Il rappelle surtout que les dépôts ne couvrent que partiellement l’encours de crédit immobilier, et que le réajustement des taux fixes n’est pas simultané : la hausse des taux est plus rapide sur les dépôts rémunérés ou sur les livrets, alors que le renouvellement du stock de crédits immobiliers avec de nouveaux taux longs est beaucoup plus lent. D’autant plus en France avec le taux d’usure, qui a limité ce réajustement à un rythme trimestriel jusqu’à janvier. Ces décalages, avec d’un côté des actifs longs à taux fixe relativement moins renouvelés mais d’un autre côté des dépôts en possible diminution au passif, pourraient rendre momentanément la position des banques encore plus délicate. Même si ces dernières contestent aussi - dans les stress-tests de l’Autorité bancaire européenne (EBA) - la présumée sensibilité à la hausse des taux d’actifs comptabilisés au coût amorti comme les prêts immobiliers.
… et de swaps de taux
Dans ces périodes, les banques se couvrent donc en contractant des swaps de taux «emprunteurs» : elles apportent un taux fixe à 10 ans - correspondant plus ou moins à la duration moyenne des «pools» de crédits immobiliers - à leur contrepartie qui leur propose en échange un taux variable, généralement Euribor 3 mois, avec un déclenchement instantané (spot), ou bien différé si elles ne souhaitent couvrir le risque de taux que sur une partie plus avancée de la maturité du portefeuille. «Attention, elles anticipent généralement bien ces périodes, et elles ne se couvrent que sur le ‘gap de taux’ (i.e. encours des actifs à taux fixe moins encours des passifs à taux fixe), et souvent seulement partiellement, en assumant une partie des pertes à venir sur leurs revenus. En outre, plus on approche de la fin de la hausse des taux, plus les banques font évoluer leur couverture», poursuit Mehdi Farhat, en référence à cette année de transition. Les banques peuvent alors préférer des swaptions, options qui, bien que plus coûteuses, rendent le déclenchement d’un swap de taux optionnel, en fonction de l’évolution ou non des taux au-dessus d’un certain niveau. «Une couverture partielle fait partie du jeu de l’optimisation, afin de ne pas annuler toutes les chances de gagner si les taux évoluent dans l’autre direction», rappelle un autre expert du secteur bancaire.

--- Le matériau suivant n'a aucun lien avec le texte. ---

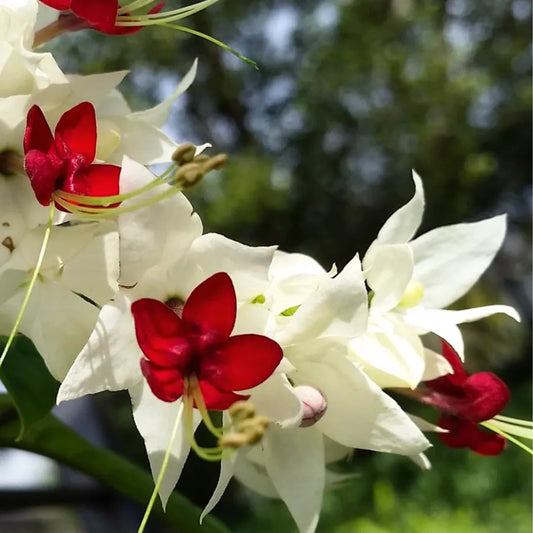 Buy Bleeding Heart Vine (Clerodendrum Thomsoniae) - Plant Online at Lalitenterprise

Ces stratégies vont dépendre de la structure du bilan de la banque, de la sensibilité de sa valeur (Economic Value of Equity, EVE) et de sa marge nette d’intérêts (correspondant à la différence entre le taux auquel elle prête et celui auquel elle se finance), comme le précisent les lignes directrices émises cet automne par l’EBA. «L’un des enjeux, notamment pour une banque de détail dans cette période de hausse de taux, est d’anticiper et de modéliser au mieux les comportements des clients», conclut Mehdi Farhat, reconnaissant un manque d’historique par rapport aux fluctuations récentes.

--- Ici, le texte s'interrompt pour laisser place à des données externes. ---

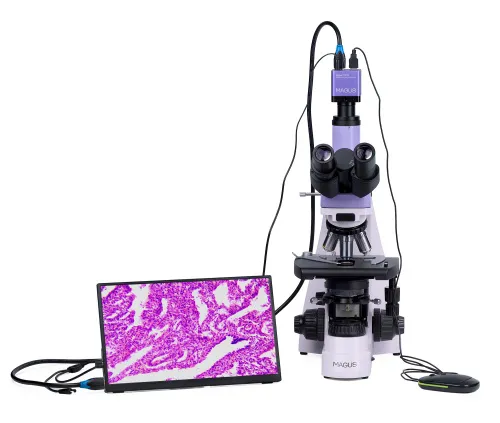 foto microscopio biológico digital MAGUS Bio D250TL LCD,  7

Enfin, si les banques apprécient les périodes de taux élevés stables favorables à leur activité de transformation avec des dépôts stabilisés et moins rémunérés, elles doivent aussi se couvrir en période de baisse des taux, notamment du fait d’une hausse des remboursements de prêts anticipés/renégociés et d’une diminution de leur marge d’intérêts. En général en devenant alors via un swap «prêteuses» d’un taux variable contre un taux fixe.